Semantic Matching Energy (SME) [2, 3] introduces two definitions of semantic matching energy functions for optimization, a linear form $f(h,r,t)=(\mathbf{{M}}_1 \mathbf{{h}} + \mathbf{{M}}_2 \mathbf{{r}} + \mathbf{{b}}_1)^T(\mathbf{{M}}_3 \mathbf{{t}} + \mathbf{{M}}_4 \mathbf{{r}} + \mathbf{{b}}_2)$, and a bilinear form $f(h,r,t)=(\mathbf{{M}}_1 \mathbf{{h}} \otimes \mathbf{{M}}_2 \mathbf{{r}} + \mathbf{{b}}_1)^T(\mathbf{{M}}_3 \mathbf{{t}} \otimes \mathbf{{M}}_4 \mathbf{{r}} + \mathbf{{b}}_2)$, where $\mathbf{{M}}_1, \mathbf{{M}}_2, \mathbf{{M}}_3, \mathbf{{M}}_4$ are weight matrices, $\mathbf{{b}}_1$ and $\mathbf{{b}}_2$ are bias vectors and $\otimes $ is Hadamard product.
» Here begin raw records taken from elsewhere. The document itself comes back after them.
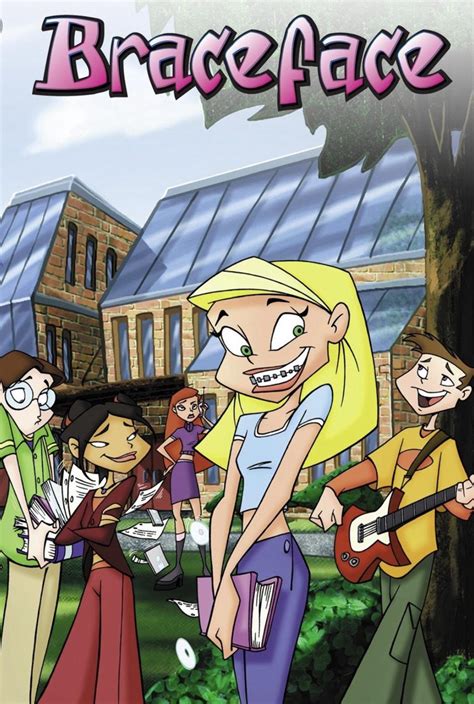 Braceface Aired Just Barely Realized Sharon Spitz Is A Play On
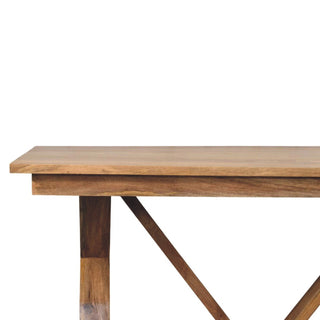 Treston Dining Table - Solid Mango Wood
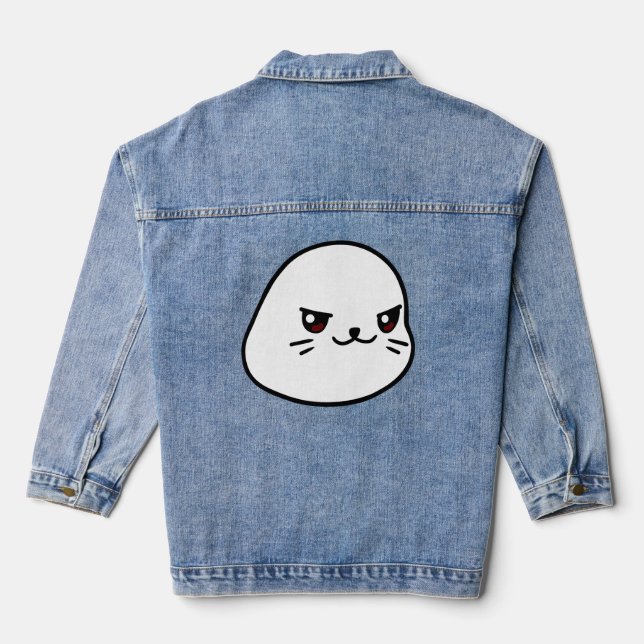 Lil Sappys Denim Jacket.  Yes, The Arfin Denim One Denim Jacket (Back)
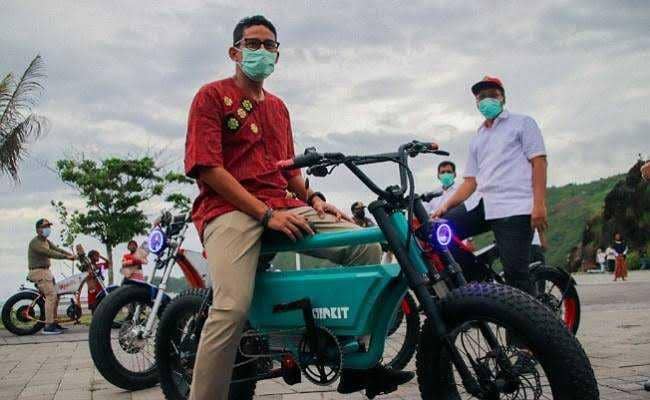 Ilustrasi sepeda listrik. (IDN Times/istimewa)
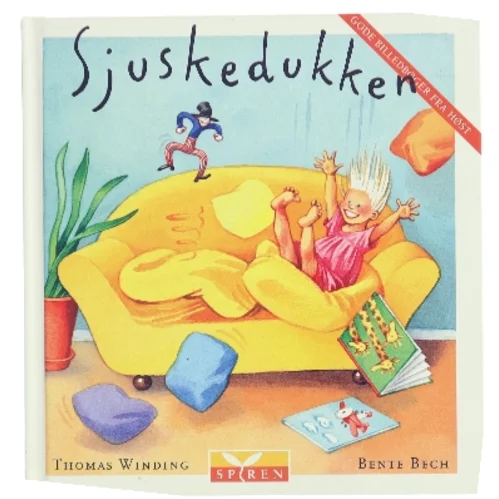 Sjuskedukken af Thomas Winding (Bog)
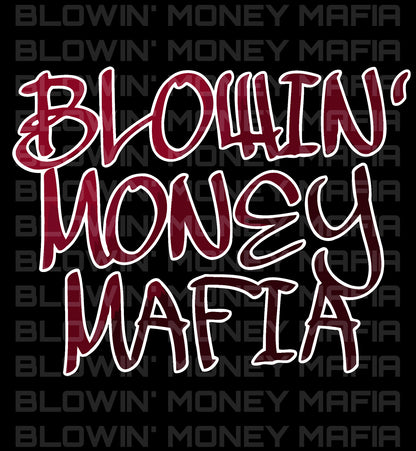 Red Graffiti  - Tee, Hoodie, Long Sleeve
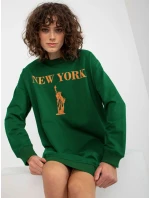 Mikina VI BL 3212.15x tmavo zelená Mikina VI BL 3212.15x tmavo zelená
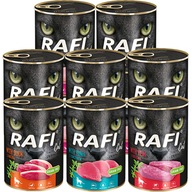 Dolina Noteci Rafi Cat Mix príchutí 24x400g Pre kat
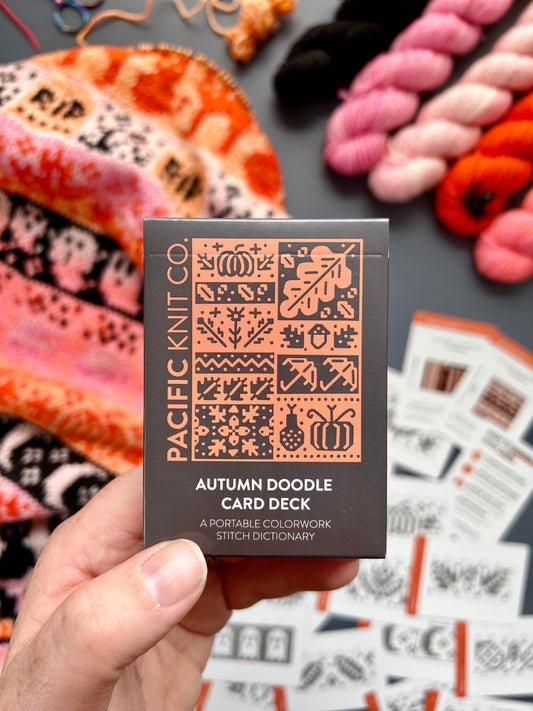 Autumn Doodle Deck - Pacific Knit Co.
Single Layer Model (SLM) [16] is designed as a plain baseline of NTN. It introduces nonlinear transformations by neural networks. The score function is $f(h,r,t) = {\mathbf{{u}}_r}^Tg(\mathbf{{M}}_{rh} \mathbf{{h}} + \mathbf{{M}}_{rt} \mathbf{{t}} + \mathbf{{b}}_r)$, where $\mathbf{{M}}_{rh}$ and $\mathbf{{M}}_{rt}$ are weight matrices, and $g(\cdot )$ is the function $\tanh (\cdot )$.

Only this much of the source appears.